It also begs the question “What constitutes a product?” (vs. a service – we pay for lots of services by “rental” / subscription – electricity, phones – different animal). These apps are more like products than they are services. One can imagine paying for an online service – such as, e.g. an online CRM tool. You neither host it nor own it – it’s remote. Not yours. But the app is “in your possession” . Of course licensing in general may beg that question too.
What about your ebooks? You don’t own those either. You may think you do, but various vendors – Amazon, B&N to name but two – have removed books from access by ereaders because of “licensing” issues, when readers *thought* they had purchased them. What’s the difference? Electronics. You don’t *license* a paperback… (or subscribe to it – or a guitar, or a piano…)
You can’t will apps to your family. You can’t will ebooks to your family. Same with any electronic music libraries you “own”.
The principle of the right of ownership of private property was in the minds of the founding fathers of the US (and I say this as not a US citizen or taking sides here, but as a student of history :-) ). The contrary concept – of there being no right of private property that one owns – could in some circumstances be therefore considered un-American – let alone any other basis of what might be considered fundamental “rights”. (I’m not trying to take sides or be partisan to the US here, just pointing something out).
Subscription models could be considered in *some* sense a slippery slope into some aspect of a further erosion of that right.
(And then there’s privacy too… Ongoing having to give account of ones “use” or not of an app in some sense).
A subscription model, where the model includes updates, implies several things that do not fit into a known value proposition unless there is a contract between the consumer – us – and the developer and against which we can take action if the money is, effectively, taken without fulfillment of that promise.
1.) Paying for something on a promise when you have no idea when it will get updated unless Apple force the issue and stipulates what the update would comprise – in general terms of course, but some measure of known value.
2.) Paying for a promised update without any idea whether the value of what you are paying for on that promise will be worth anything to *you*.
3.) Paying for continuous use of something as though it is a service when it is not.
Ultimately, it amounts to a form of servitude of the buyer to the seller, who, err, isn’t really selling, but holding you under a gun.
To assume that Apple will be able to hold the large number of developers in check is a very large assumption – and not the issue in any case.
The better value proposition is for the seller to produce a quality product to start with, and then offer the update at a known price (which the app store does not currently support doing properly – and should as the means forward IMO).

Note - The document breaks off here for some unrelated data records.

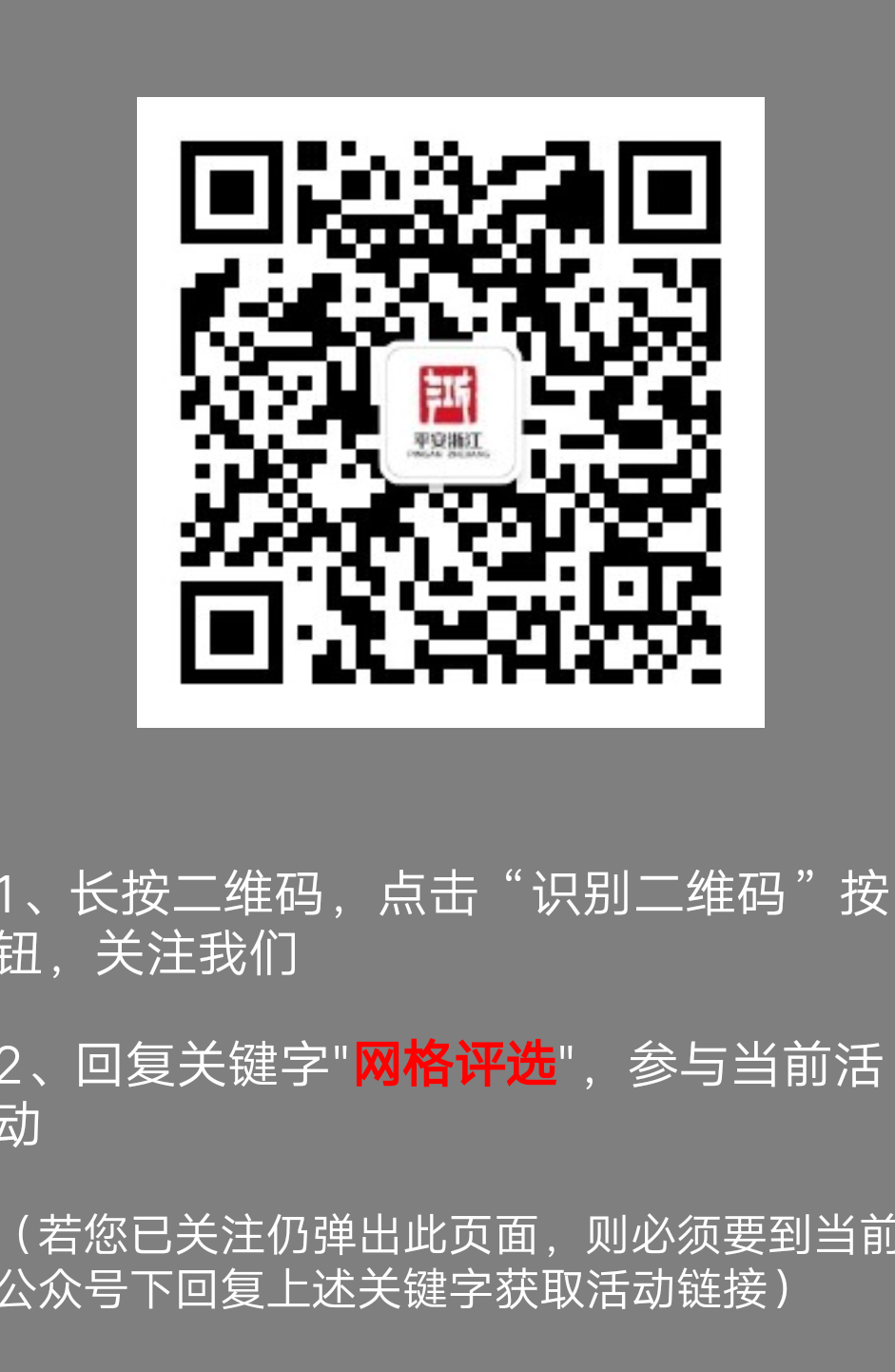 炼语的投票任务 步骤图1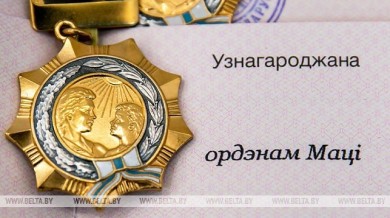 Орденом Матери награждены  матери Первомайского района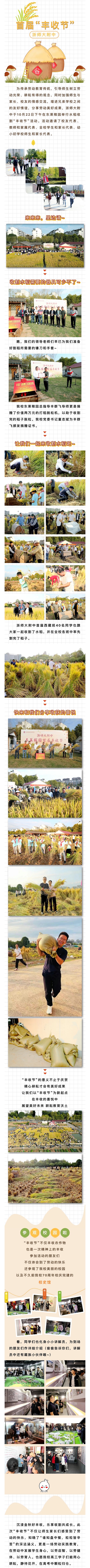 微信图片_20231024081609.jpg
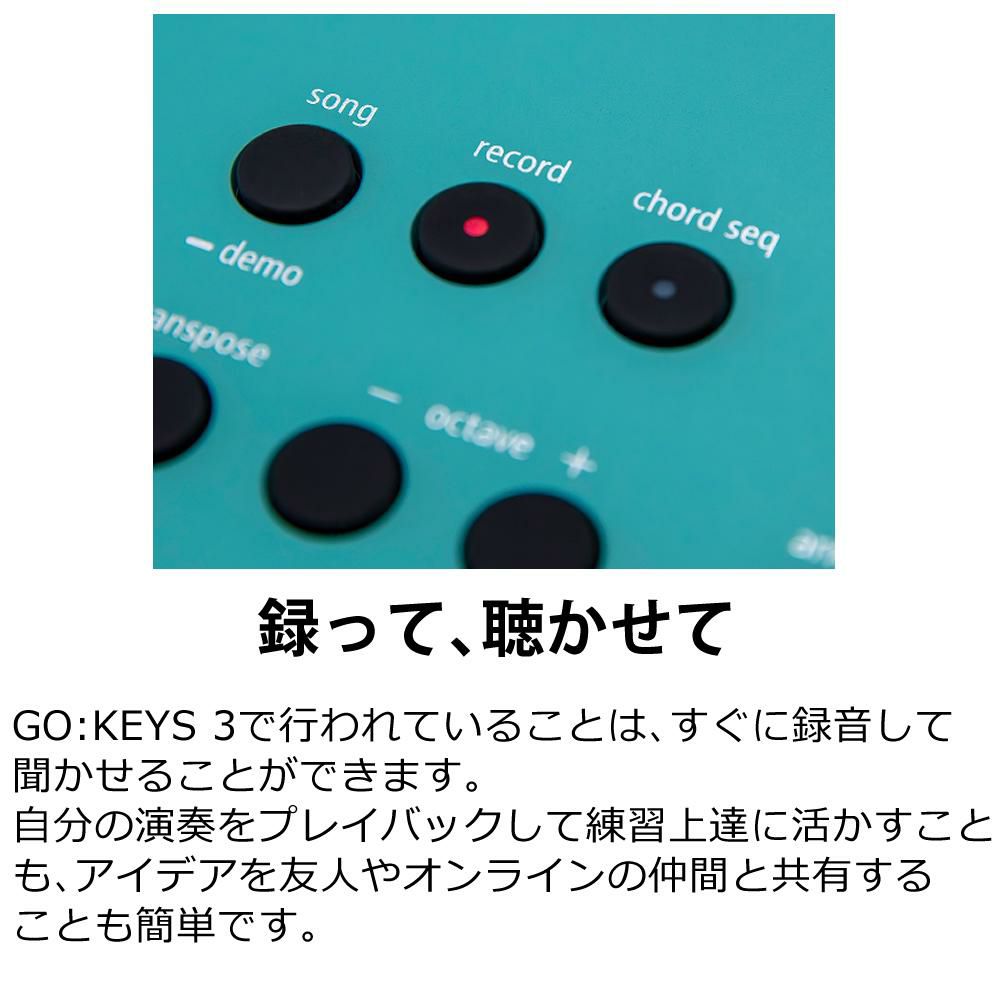 ローランド Roland GO:KEYS 3 GOKEYS3-TQ ターコイズ 選べる特典セット ラッピング不可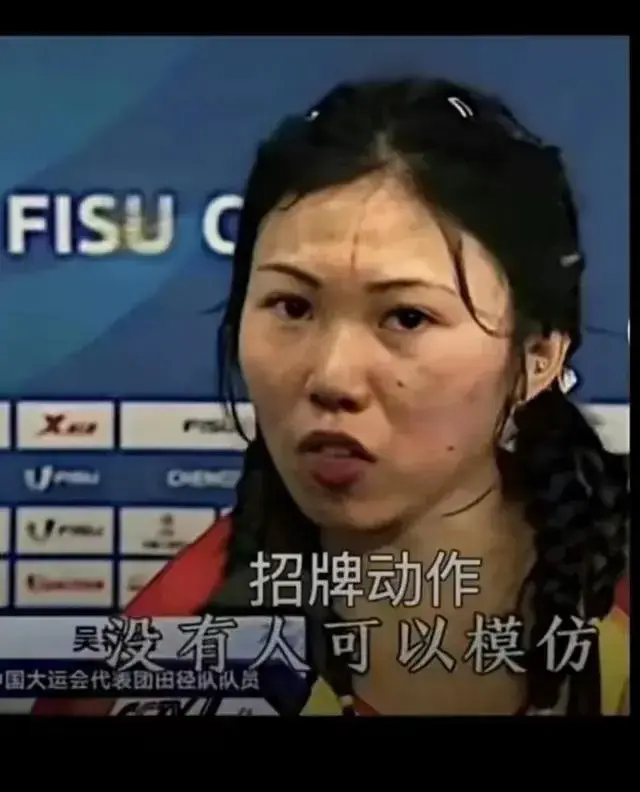 吴艳妮这话，你怎么看？？？
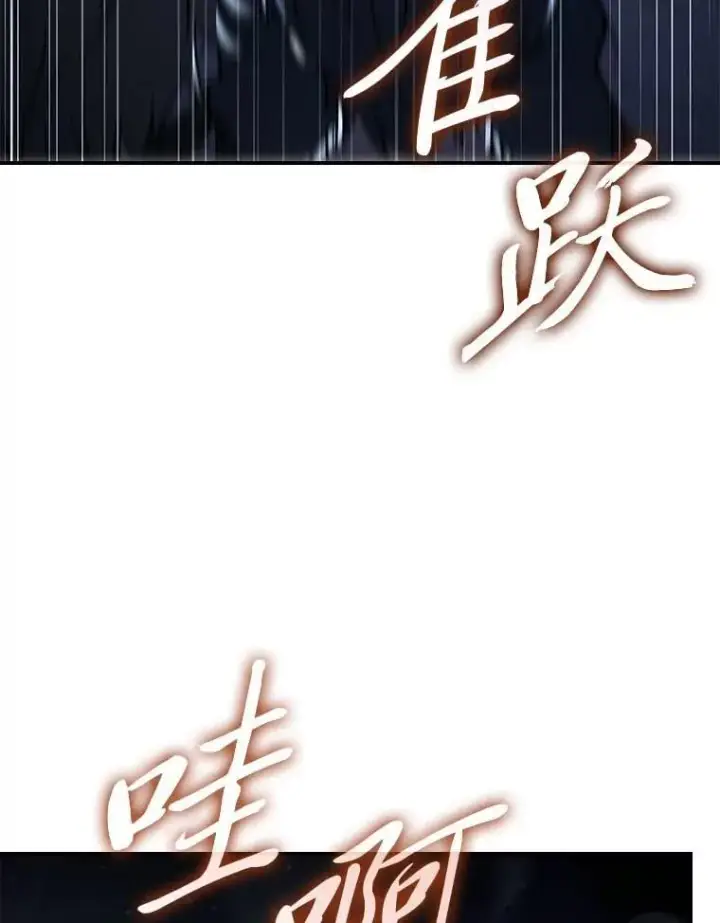 《有才能的魔法师》67.双方的友谊图163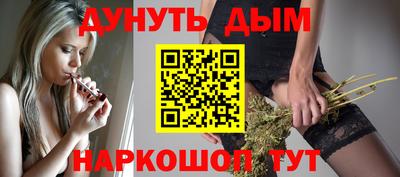 таблы Коммунар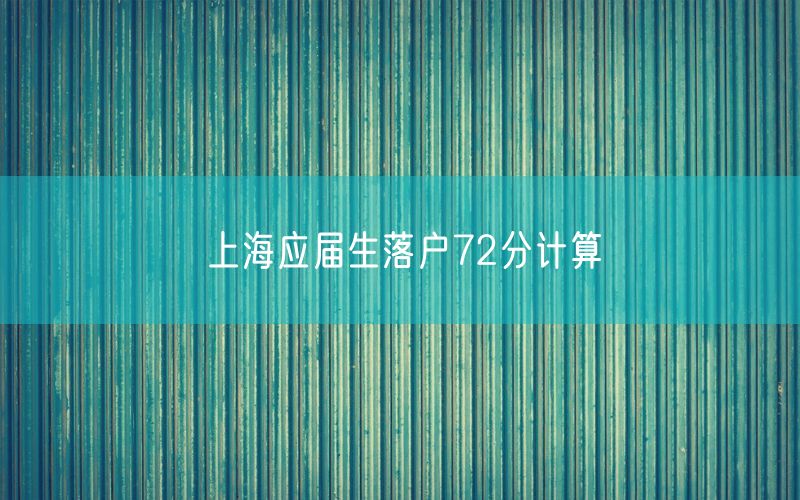 上海应届生落户72分计算
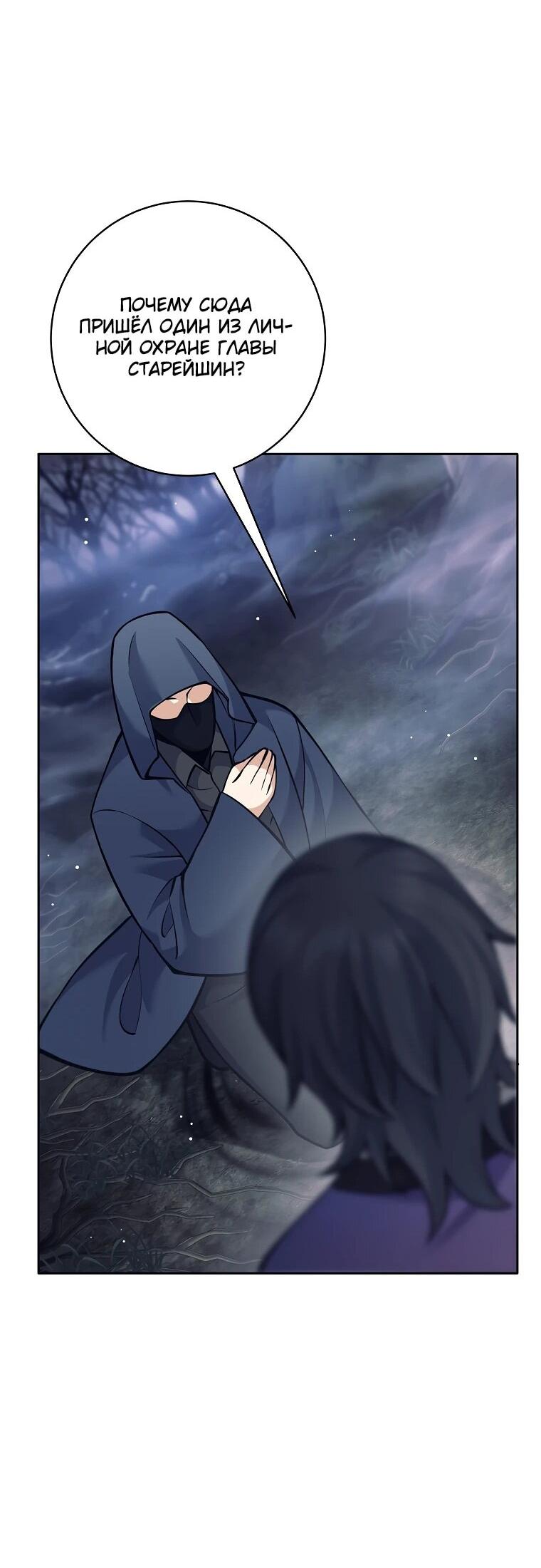 Манга Ублюдок, пожирающий оружие - Глава 39 Страница 24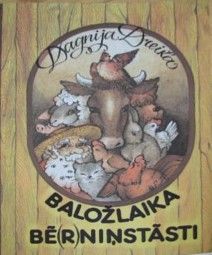 Baložlaika bē(r)niņstāsti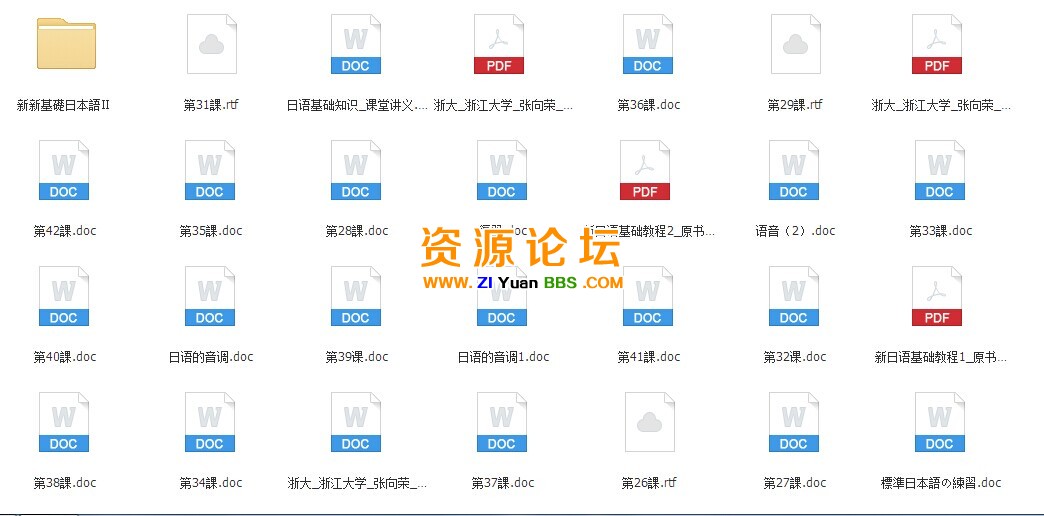 QQ图片20141125115934.jpg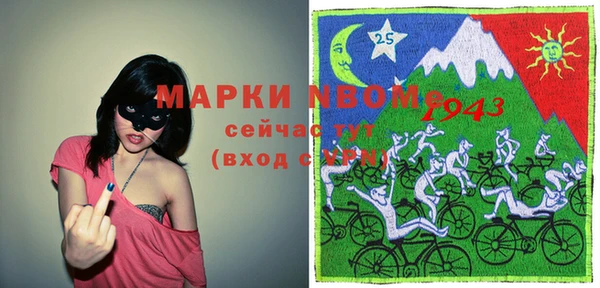 молекула духа Алексин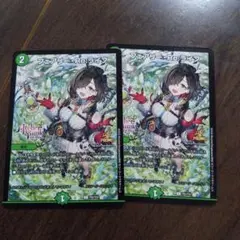 tgs2025 東京ゲームショウ ユミアのアトリエ デュエマプロモカード　2枚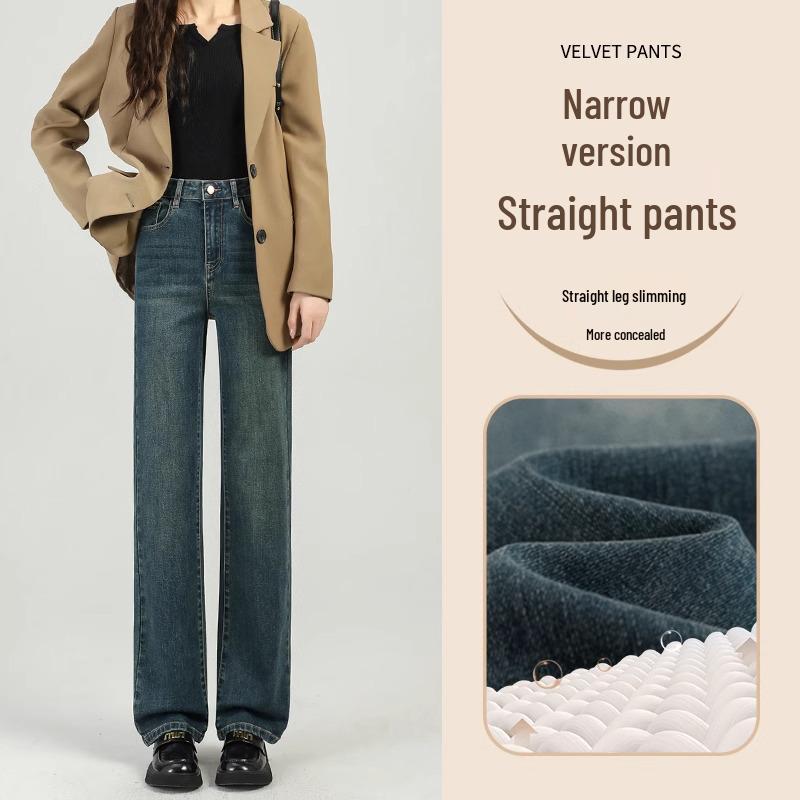 

Женские джинсы с высокой посадкой на флисовой подкладке 2024: Маленький, Узкий, Широкий, Прямой крой для осени и зимы 28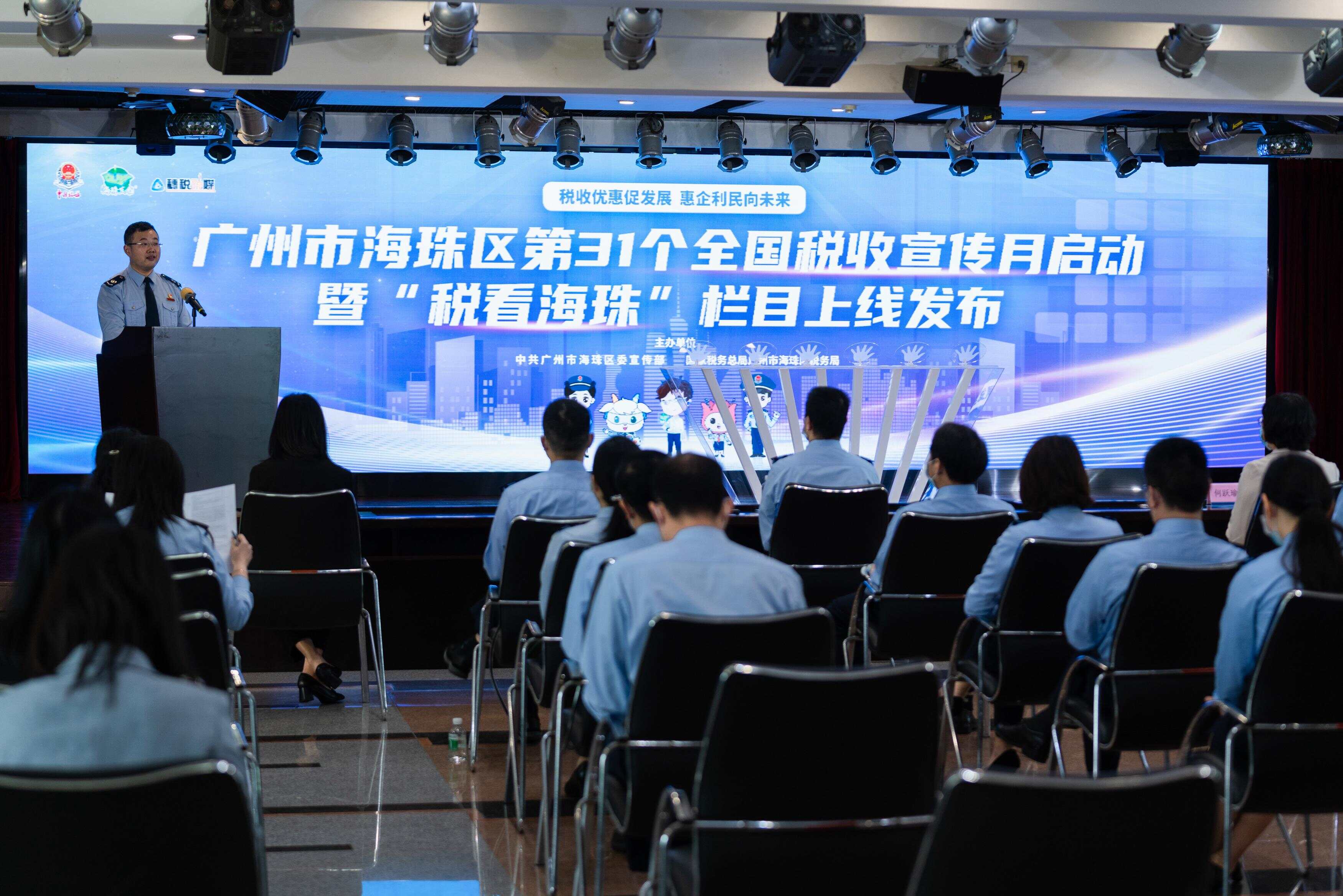 4月1日,国家税务总局广州市海珠区税务局紧扣"税收优惠促发展 惠企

If the update is of value, the consumer will purchase it. *That*’s the incentive for the developer – i.e. to determinedly make something of value to the customer that they are confident the customer will spend more money on, not put the customer under ongoing servitude to them. It’s the cart before the horse and could be said to be trading on a number of wrong premises.
Other means exist for developers to get funding for new projects: outside investment in them, other product lines, other work. Presonus take this approach, and in general it has been exceedingly well received by their loyal customer base who stump up for the upgrades because they can *see* the value put before them, choose to pay for the upgrade, and do so!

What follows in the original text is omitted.